PreciseDx, a provider in oncology diagnostics leveraging Artificial Intelligence (AI) for morphology-driven disease analysis, announced its attendance and participation at the 2024 American Society of Clinical Oncology (ASCO) Annual Meeting in Chicago, IL.

PreciseDx Co-Founder and Chief Medical Officer, Michael J. Donovan, PhD, MD, will present the findings from the company’s ongoing collaboration with the Laboratory of Pathology, Dordrecht Albert Schweitzer Hospital in the Netherlands (NTH). The poster presentation, “AI-Enabled Digital Test to Predict Disease Recurrence for Patients with Early-Stage Invasive Breast Cancer Demonstrates Good Performance in a MammaPrint Low Risk Cohort from the Netherlands with a Median 6-Year Follow-Up,” will be held on June 1, 2024.

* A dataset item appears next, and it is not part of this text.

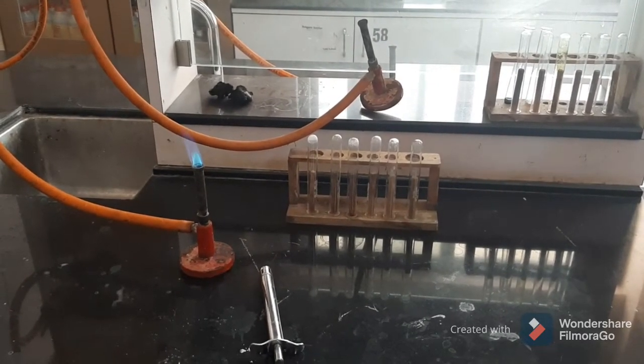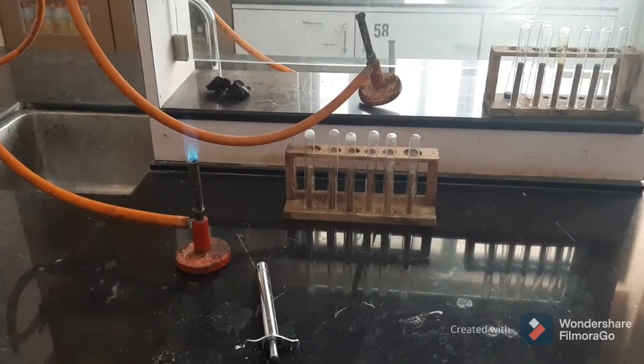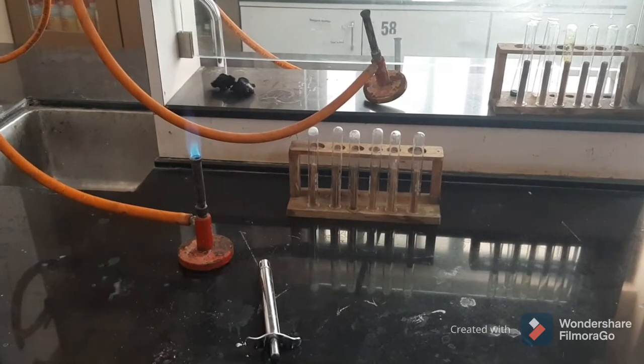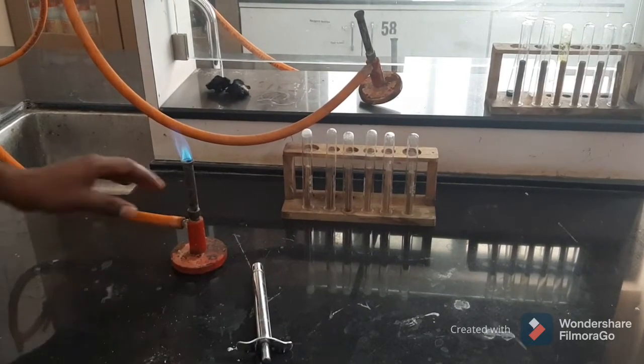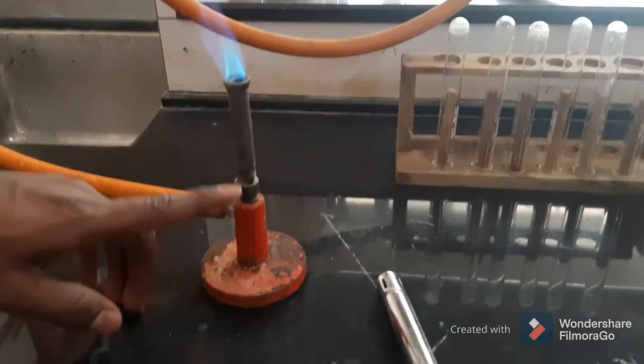Today we are going to study experiment number 2: basic chemistry laboratory techniques. We are going to study the Bunsen burner. This is a Bunsen burner — it consists of a metal tube with a bore at the base.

Improved Breast Cancer Grading

Traditional invasive breast cancer (IBC) grading remains limited due to diagnostic subjectivity. PreciseDx has developed PreciseBreast, a test validated to predict the risk of recurrence in early-stage breast cancer patients. The test leverages Artificial Intelligence (AI), morphological features, and clinical data to provide an objective risk score. This study evaluates the performance of PreciseBreast as compared to MammaPrint in a cohort of patients with outcome data.

About the New Study

In this study, a MammaPrint cohort with a median 6-year follow-up was examined. Hematoxylin and Eosin (H&E) stained images, digitized at Philips in Eindhoven, NTH, were coupled with clinical data from pathology and Netherlands cancer registries. This comprehensive dataset encompassed demographics, pathology results, MammaPrint risk classification, treatment details, and recurrence events. The validated PreciseBreast (PDxBr) model was then assessed on this MammaPrint cohort using key performance indicators such as AUC (area under the curve)/concordance index, NPV (negative predictive value), PPV (positive predictive value), hazards ratio (HR), sensitivity, and specificity to evaluate its efficacy.

“We initiated this collaboration with the Dordrecht Albert Schweitzer Hospital in 2022 and have since made considerable progress in further validating the efficacy of our PreciseBreast test and overall phenotyping platform,” says Donovan. “We look forward to sharing the results of our ongoing study with our colleagues and peers at the 2024 ASCO Annual Meeting.”